Pictures with short captions
══════

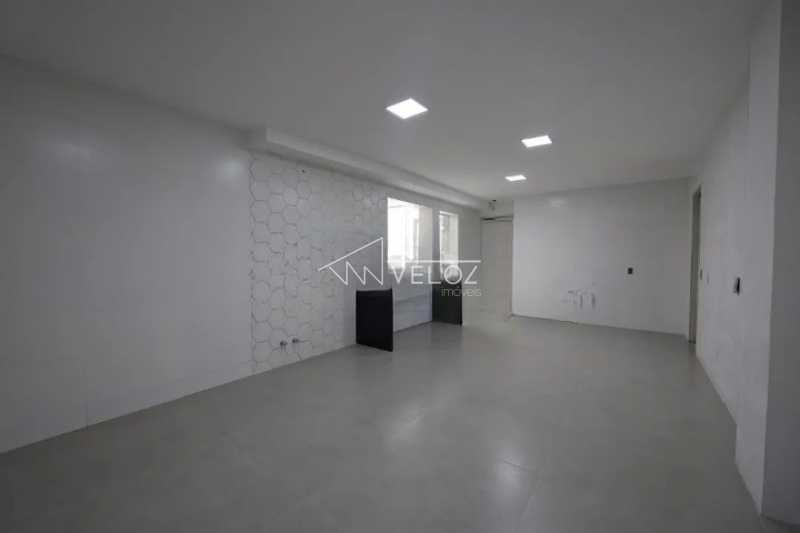 Apartamento à venda com 4 quartos, 330m² - Foto 13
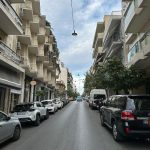 Kim Min-gue Instagram – Good bye Greece🇬🇷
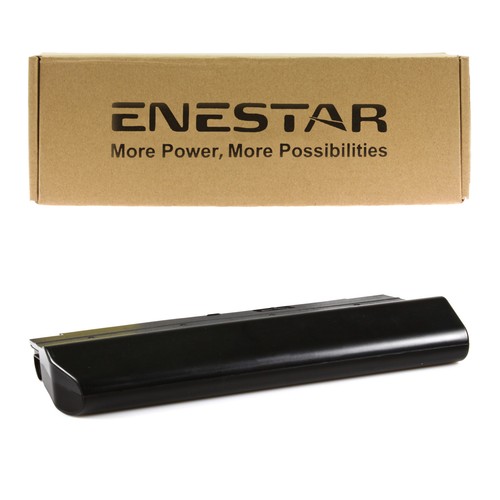 6600mah original enestar akku - 6600mah,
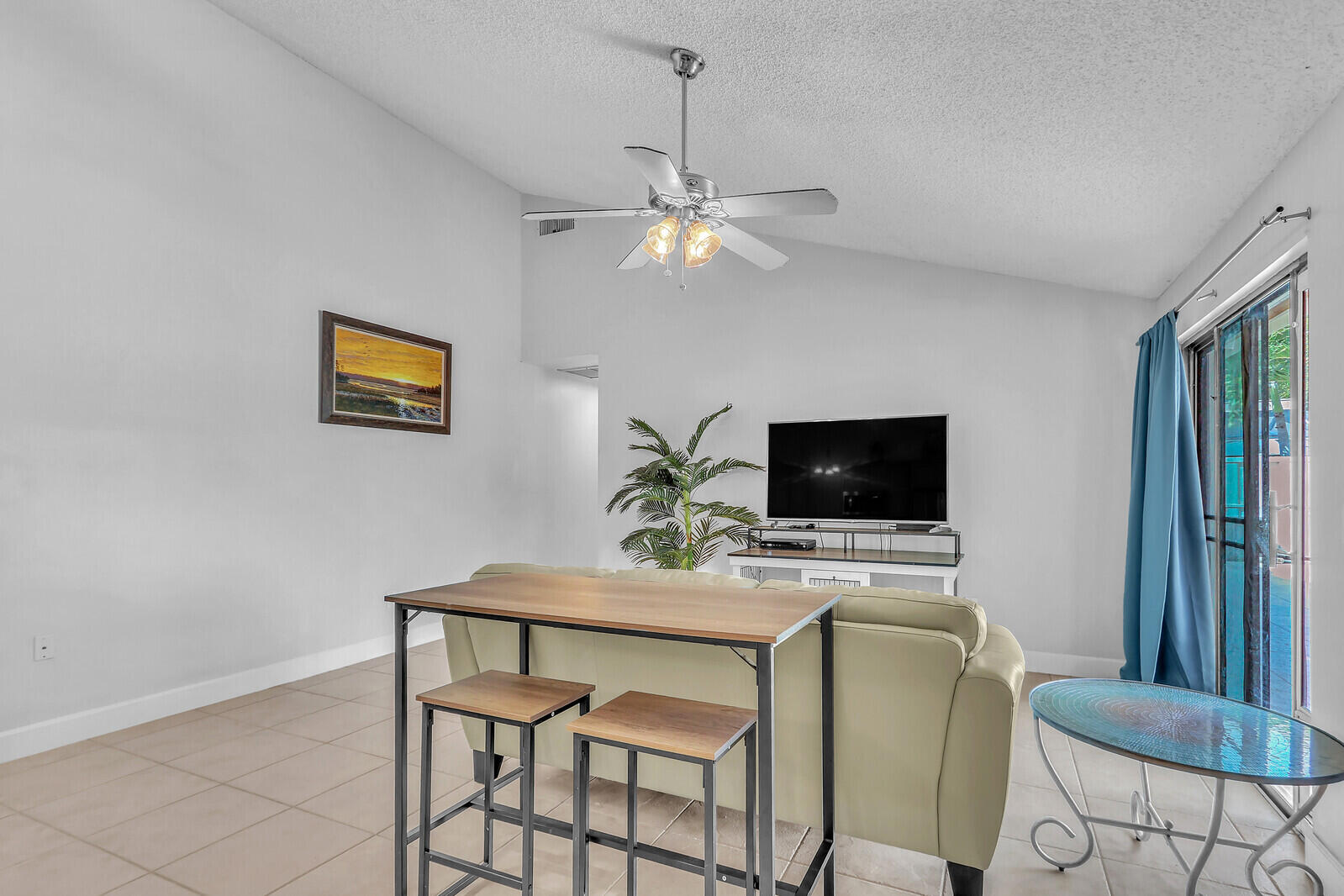 MLS #RX-11137769 image #5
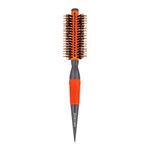 escova-de-cabelo-marco-boni-thermal-ceramic-orange-46mm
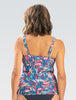 Navy (B86)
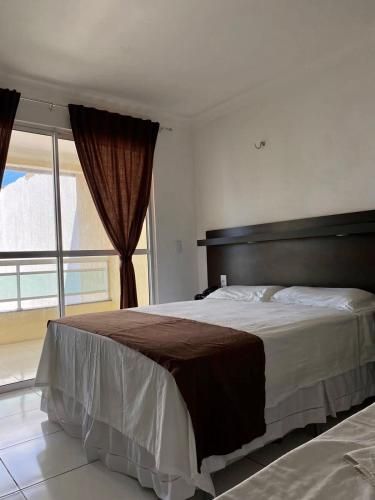 SP Hotel Fortaleza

══════

> [Task details] Return exactly the lines from the line with "escova-de-cabelo-marco-boni-thermal-ceramic-orange-46mm" through the last line of the data above, both included; pictures do not go in the answer.

> [Answer section]
 escova-de-cabelo-marco-boni-thermal-ceramic-orange-46mm
 Navy (B86)
 SP Hotel Fortaleza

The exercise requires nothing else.